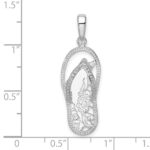 De-Ani Sterling Silver Rhodium-Plated 3D Cut-Out Dolphin Flip-flop Pendant - Image 4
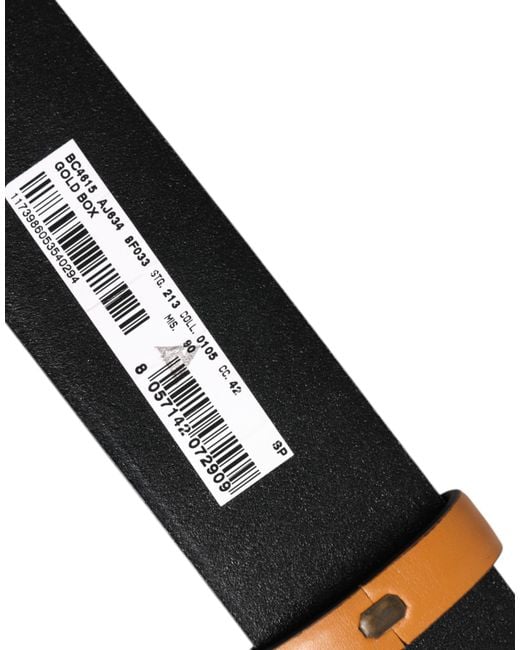 Dolce & Gabbana Brown Leather Belt With Embossed Logo for men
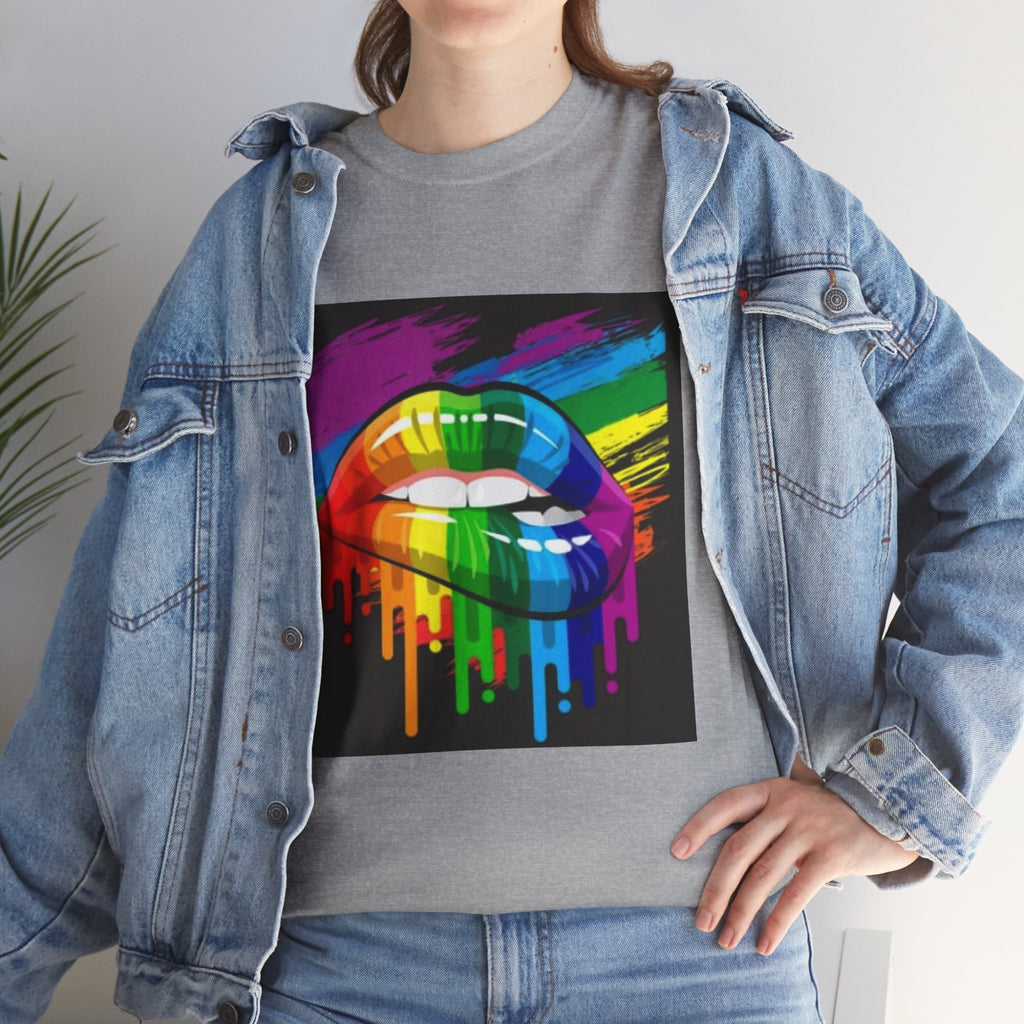 T-Shirt — Rainbow Drip Lips Pride Graphic Tee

════════

*What you are asked to do*: Once the pictures are set aside, give the listing again word for word.

*Answer section*:
 De-Ani Sterling Silver Rhodium-Plated 3D Cut-Out Dolphin Flip-flop Pendant - Image 4
 Dolce & Gabbana Brown Leather Belt With Embossed Logo for men
 T-Shirt — Rainbow Drip Lips Pride Graphic Tee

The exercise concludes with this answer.